鏡に映った顔を見て、早坂早苗(はやさかさなえはため息をついた。
化粧ポーチのチャックを閉める。
この土台なので、化粧を塗っても直しても、たかが知れている。
かつてこの顔を、「ラスカルみたい」と形容した人がいた。
それからラスカルに対して愛着がわき、今や化粧ポーチも、それについているキーホルダーも、手を拭いたハンカチでさえ、ラスカルだ。
いや、違う。
『早坂さんって、ラスカルみたいですよね。
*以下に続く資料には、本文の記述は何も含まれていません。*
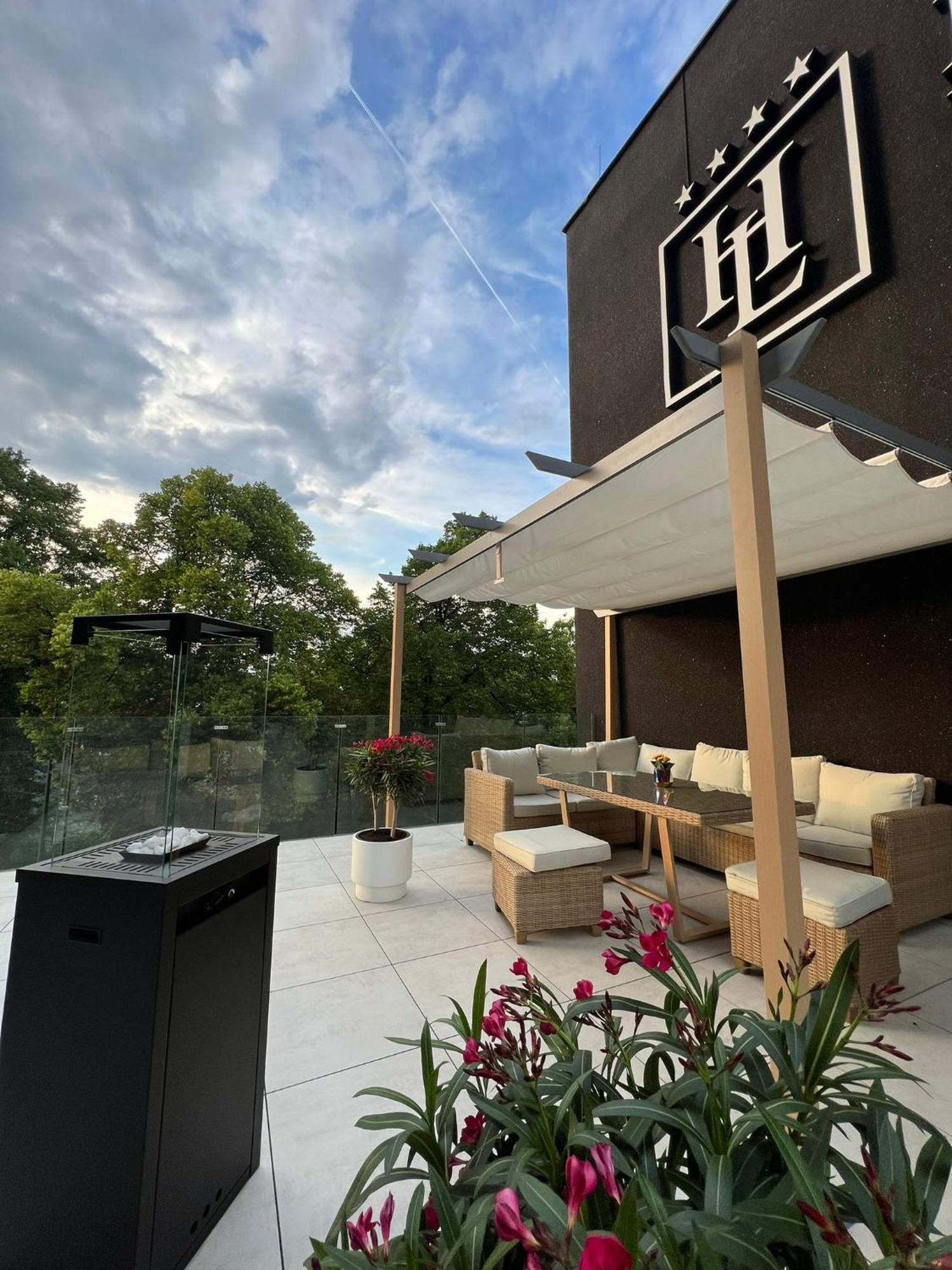 Hotel Lantier Wellness & Spa Μπίτομ Εξωτερικό φωτογραφία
いい意味で』
そう口にした彼の笑顔を思い出す。
ラスカルではなく、彼のことが好きだったのだ。
4つ後輩である結城彰久が、かつて彼が在籍していた黒田支店の営業課、佐藤麻里子と籍を入れてから、もうひと月が経つ。
季節は、コスモスが揺れる10月へと移行していた。
それでも、正面の席に座る結城の存在を、“ただの後輩”と割り切れる自分はまだいない。
4年間、ずっと好きだったのだ。
そんな簡単に忘れられるわけがない。
早苗はハンカチを制服のポケットにしまうと襟を正し、レストルームを開けた。
途端に本部の忙しない音が鼓膜に戻ってくる。
鳴り響く電話。
キーボードをたたく音。
大量に印刷しているコピー機。
誰かの笑い声。
伝票を切る音。
それらが情報として聴覚神経を伝わって脳にたどり着くと、否が応でもラスカルは経理部副課長に姿を変える。
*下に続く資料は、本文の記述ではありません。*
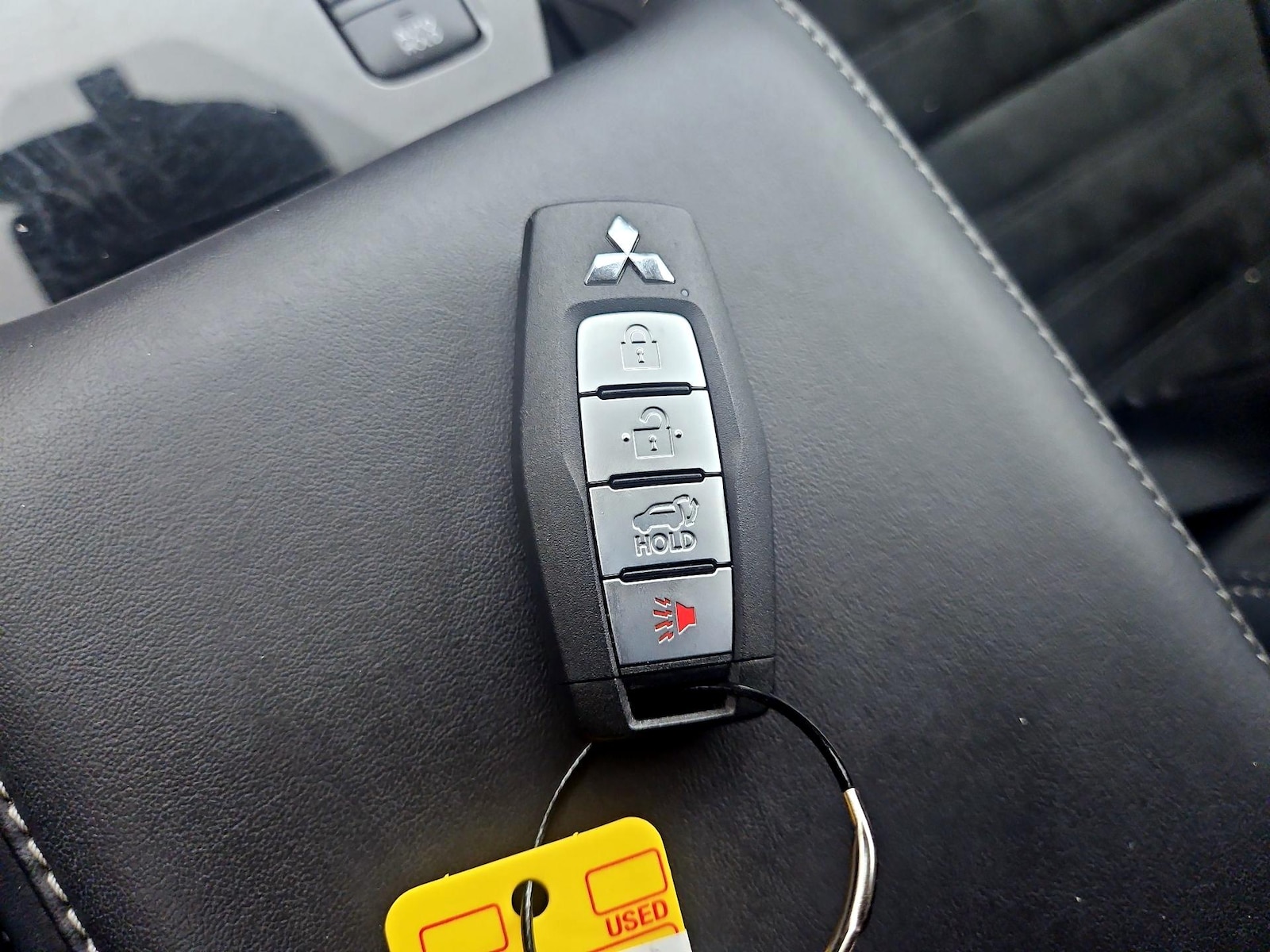 2025 Mitsubishi Outlander SE - Photo 26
正面には早々に昼食を済ませた結城が、午前中と大して変化のない姿勢でキーボードを叩いている。
結婚してから、さらに仕事が早くなった。
今まではわざと仕事を遅らせては、帰りの遅い営業課を見守っている節があったが、今はもうさっさと帰宅して、妻の代わりに家のことなどをやっておこうということらしい。
甲斐甲斐しい旦那様ぶりにため息が出る。
総務課長が顔を上げる。
「結城。売掛金の推移どう?」
言われた結城が数センチ背筋を伸ばしながら、キーボードをたたき、ディスプレイを見えやすいように課長に傾ける。
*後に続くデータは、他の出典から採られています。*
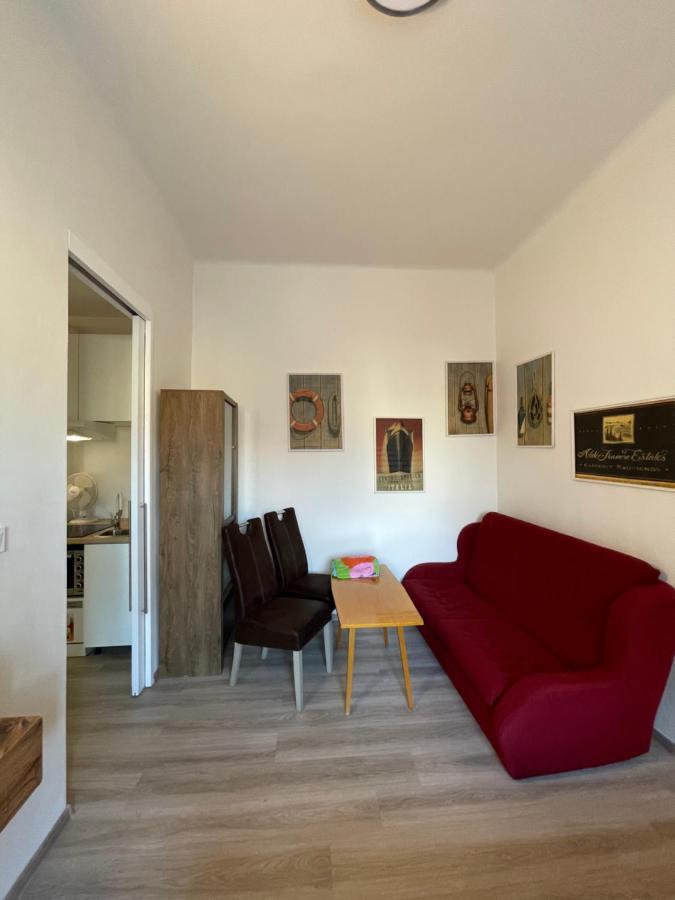 Red&Black Apartment City Centr, Na Hradbach 118 Ostrava Luaran gambar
「一頃よりだいぶ良くなりましたが、依然として遅いところはありますね。そして遅い支店と遅い営業も決まっています」
「ちなみに、どこの誰?」
「上郷支店の浅田課長とか、松波支店の長谷川主任なんかも遅いですね」
「直々に店長に電話するかー」
課長がため息をつく。
「私がしますか?」結城が聞く。
(お?)
「いや、大丈夫。こういう時に矢面に立つことくらいしか、課長の仕事はないから」
早苗は結城の顔を見つめた。
今までの結城なら。
こういう嫌な仕事は、頼まれたらいやな顔もせずにするけど、自分から買って出るなんてことはなかった。
成長している。人間として。社会人として。
そして彼を育てているのはきっと、経理課長や、経理副課長ではない。
「お昼便でーす」
来た。
黒田支店の佐藤麻里子、改め、結城麻里子が、支店の書類をまとめたボックスを持ってきた。
このように昼と夕方、彼女はボックスに溜まった営業の書類を本部に届けに来る。
普段は通路側に座る坂井が対応するのだが、彼女が不在だったりすると、結城が立ち上がる。
「お疲れ様です」
結城が自分の妻となった女性に近づく。
「今日、いっぱいあるんだよ」
ボックスから次々に書類を広げていく手には、結城と同じ銀色の指輪が光っている。
「これ、新車グループ、これ、中古車グループ、あと、販売促進、経理、総務、サービスグループ」
「オールラインナップですね」
笑いながら結城が受け取ると、すっかりパンツスーツにショートカットが板についた麻里子はさっと本部を見回した。
「新車グループの課長に話があったんだけど、忙しいかな」
「朝からいないんですよ。社長と同行で県外に行ってるらしくて」
「げ。マジか」
「急ぎます?携帯なら繋がると思いますけど」
「大丈夫。ありがとう」
会話だけを聞いていると夫婦のそれではない。
結城は会社では、先輩である麻里子に敬語を崩さない。
家に帰ったら、どうなんだろう。
気にしないふりをしてディスプレイの向こう側に見える二人を盗み見ながら、早苗はいつの間にか止めていた呼吸を再開した。
やばいやばい。
窒息死するところだった。
たかが失恋ごときで。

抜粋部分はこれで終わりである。